Finally, the report makes recommendations about young people wanting to relate to people their own age, rather than old men in suits, which I guess takes in quite a few of the hon. Members here today. [Interruption.] Okay, I was talking about myself and my hon. Friend the Member for High Peak. They say that taking such an approach makes it easier to receive the right message, hence the recommendation that
“a consultation group of young people, both with and without a mental health history, be set up to work on and contribute to the anti-stigma campaign, and that someone is identified to ensure this happens.”
I completely agree with that.
My final point is that when I was a children’s Minister, I had four reference groups within the Department for Education, each of which came to me on a three-monthly basis: one comprised children who had been adopted; one comprised children in foster care; one comprised children in residential care homes; and one comprised children who had recently left care. They came to me in the Department without adults, we sat around the table and they told me exactly what was going on. They challenged some received wisdoms, and I got some of the best information that I ever got from any experts by speaking to those young people. This report has been produced by young people and by reference to many thousands of young people, many of whom have suffered and are suffering the sorts of problems that I and many other hon. Members have mentioned today. We need to listen to the voice of these young people, to act on their recommendations, and to include and involve them in the solutions. That is why this report is so important to them, but it needs to be equally as important to us, to this House and to this Government.
I apologise to the House for missing the start of the debate—it started a little earlier than I anticipated and I was sitting on a bus in Millbank—and thank you, Madam Deputy Speaker, for calling me. I also thank my hon. Friend the Member for Dulwich and West Norwood (Helen Hayes), and I congratulate her on leading this debate and the Backbench Business Committee on delivering it.
I am speaking towards the end of the debate, so I will try not to repeat the many excellent contributions that hon. Members have already made. Like so many other Members, I have had parents contacting me in great distress at the lack of adequate acute services when their children are in crisis. I had one parent who was worried about her daughter having to spend yet another weekend—this was not the first period of crisis she had had—in the children’s ward of the local hospital, as no specialist beds were available. The children’s ward is not a safe place for a young person in a mental health crisis, nor is it fair on the staff or children in the ward to have to support her either. She needed to be in a specialist bed, but in London there are too few tier 4 beds for young people.
I had another distressing experience, where a young man needed to go to hospital urgently, but because of a disconnect between the police, the ambulance services and the other services, it took two attempts on the same day to draw him from his house and get him to the safe place he needed to be in, leading to added trauma and distress and worsening his already critical health situation.
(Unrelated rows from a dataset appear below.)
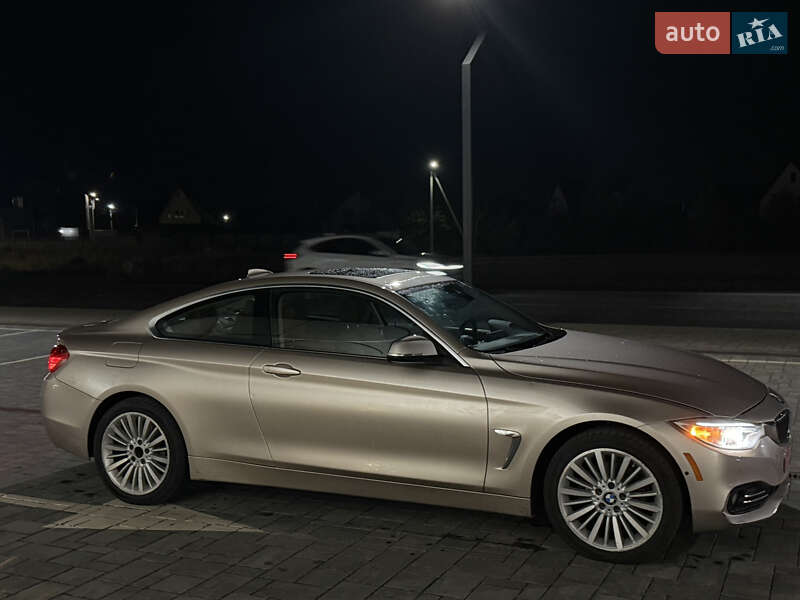 Купе BMW 4 Series 2014 в Луцьку фото 3 Купе BMW 4 Series 2014 в Луцьку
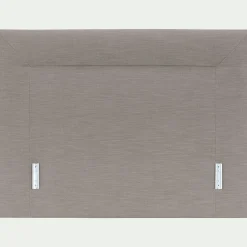 alinea Tête De Lit*Tête de lit matelassée en tissu 160cm - granite Gris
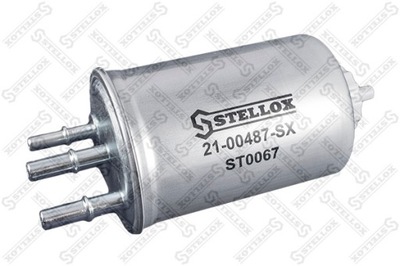 Stellox 21-00487-sx фильтр топлива фото №1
To be fair, we are seeing some improvements locally, and we are promised additional tier 4 beds and better joined-up thinking between services, but I have to say that this is a small increase from a very low bar.
An additional problem is the break in consistent service when a child in crisis suffers further as they hit their 18th birthday. They lose one set of services and the adult services may or may not pick up at the same place, which does not make it easy for the child, the family and those trying to support her.
I pay credit to those working in the public and voluntary sector who support and heal these young people, but whose job is being made difficult because of the funding situation and lack of adequate joined-up thinking. In common with all Members here today, I want to thank the Youth Select Committee, the British Youth Council and the many Members of the Youth Parliament across the country for their work.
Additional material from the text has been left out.